Tag Archives: racism

Clarity comes to Us All Eventually


Am I such a threat,
such a fear to you?
That my place in this world
must be abated and subdued?

Do you fear me less
when I articulate
myself better than you
or do you fear me
more, in certain circles,
because I am finally
on to you, and I know
just what to do,
to make it all
untangle.

You try and wrangle my words
and even my thoughts to
fit your disposition, as if
by smiling at me, it will cause
me to smile back
in submission.

First you blinded me,
then asked me why I was blind,
then stole the cane
from my hands, struck me, stripped me
then tripped me,
sending me on down the
road, to do my time.

Yet I endured, and even though blind,
I saw with a clarity
greater than the sighted man,
ever could
and came to pity him
and the thought processes
he called an enlightened mind.

Pitied him for the man he
thought he was.
Pitied him for the dark legacy
he had wrought
and the future
to come from it.

Pitied him that he would
never know a moments rest

Pitied him because anger was
all he knew.

Pitied him for the surety of
his place in this world
and at his disappointment
when his end finally came
and my tolerate
smile turned
into
a triumphant grin

by Philip Wardlow June 2020

Two Sides to Me


I was told today to be decisive.
I was told today that my response
to stopping racism was the typical
answer that would never work and
has never worked.

I was told that my ideals were not enough

You don’t think I want to do a Boston Tea Party
on all their asses,
to burn and pillage, boycott and tear down
all the apathetic institutions and cold corporations that
turn a blind eye to the
many colored man,
to turn my back on authority while giving the middle
finger to it all?

Fuck yes. Every damn day.

Yet, I don’t want my world to burn
around me even though
it burns from within.

I don’t want a black old man crying
in the streets because his
business burned to the ground.

I don’t want a white old man
bleeding profusely after
being knocked to the ground.

I don’t want death, I don’t want destruction.
I don’t want hate. I don’t want fear.
I want compassion
I want cooperation
I don’t want division
I don’t want disdain
I want respect.
I want justice.
I want inclusion.
I don’t want any more Martyrs
for the cause.

There has never been indecision in me,
only the resolve
for all the world
to finally
wake the fuck up.

by Philip Wardlow June, 2020

Cri de Coeur


When you are a minority in this country, be it a woman, or of a different race, gender identification, or a non-prevalent religion, you are already a second class citizen. You are simply tolerated and you are either outright told you are not wanted at times or its whispered in your ear at the most unexpected (or expected) moments in your life.

You often will just nod to yourself inside and say, Yeah, that’s right, I almost forgot I wasn’t different from you. How silly of me to have forgotten. Thank you for reminding me I don’t really belong.

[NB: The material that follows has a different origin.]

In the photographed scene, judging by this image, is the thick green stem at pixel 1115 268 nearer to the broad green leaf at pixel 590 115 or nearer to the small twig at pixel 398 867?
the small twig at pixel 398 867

A woman or man may become shamed, fearful, angry. Cry tears of sadness, frustration and/or indignation. They make drink, smoke, shoot up, live life to the excess all to assuage their disgust, their inadequacies, or the perpetual fight they think they may not be able to overcome for something they simply were born into. Nothing more. A chromosome here, a chromosome there, all amounting to being defined, boxed and put in your place. Categorized.

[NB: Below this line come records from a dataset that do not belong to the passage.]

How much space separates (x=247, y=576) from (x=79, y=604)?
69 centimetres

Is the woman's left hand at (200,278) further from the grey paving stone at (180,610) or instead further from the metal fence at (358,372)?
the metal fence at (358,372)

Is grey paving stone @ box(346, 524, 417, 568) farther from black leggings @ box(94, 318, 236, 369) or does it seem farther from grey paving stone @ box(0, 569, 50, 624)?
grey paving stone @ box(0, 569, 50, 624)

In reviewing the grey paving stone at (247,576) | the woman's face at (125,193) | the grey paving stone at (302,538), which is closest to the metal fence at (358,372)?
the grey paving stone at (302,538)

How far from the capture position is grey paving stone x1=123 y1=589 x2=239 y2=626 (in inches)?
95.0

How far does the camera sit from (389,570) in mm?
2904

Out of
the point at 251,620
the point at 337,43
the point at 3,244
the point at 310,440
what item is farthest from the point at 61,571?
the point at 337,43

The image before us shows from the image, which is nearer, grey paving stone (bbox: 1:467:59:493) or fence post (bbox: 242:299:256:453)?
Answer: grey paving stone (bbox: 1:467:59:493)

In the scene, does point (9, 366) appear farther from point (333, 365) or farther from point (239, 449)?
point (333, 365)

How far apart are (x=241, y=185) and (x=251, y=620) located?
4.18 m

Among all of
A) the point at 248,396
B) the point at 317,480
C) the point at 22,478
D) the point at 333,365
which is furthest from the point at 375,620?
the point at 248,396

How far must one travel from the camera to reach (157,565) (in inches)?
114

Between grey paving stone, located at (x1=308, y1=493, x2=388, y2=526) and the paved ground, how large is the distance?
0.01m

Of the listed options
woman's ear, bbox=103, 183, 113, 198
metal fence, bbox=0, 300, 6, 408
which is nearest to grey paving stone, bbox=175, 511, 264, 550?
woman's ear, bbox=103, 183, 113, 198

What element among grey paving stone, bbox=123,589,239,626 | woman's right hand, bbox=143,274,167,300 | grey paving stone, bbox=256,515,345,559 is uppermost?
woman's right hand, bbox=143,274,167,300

Becoming a category, a subject matter, a thing, provides disconnection for the majority. So when the times comes to fight the status quo it is simply met with indifference, ridicule, generalities, skepticism, and even outright suspicion.

What does the majority think we fight for? Why does a woman call out a man in power when he threatens her with her career if she won’t sleep with him? Why does a black man kneel when the anthem plays because he simply wants to make sure that flag really seems HIM in equal measure when it waves in the wind. Why does a man marrying another man, or woman marrying another woman rankle the majority so, when love is love is love?

Majority is the key.

Remember, Majority is the key.

Stop thinking of yourself as not the majority. Don’t acquiesce. Don’t bow your head.

Being a minority is only a state of mind you put yourself in.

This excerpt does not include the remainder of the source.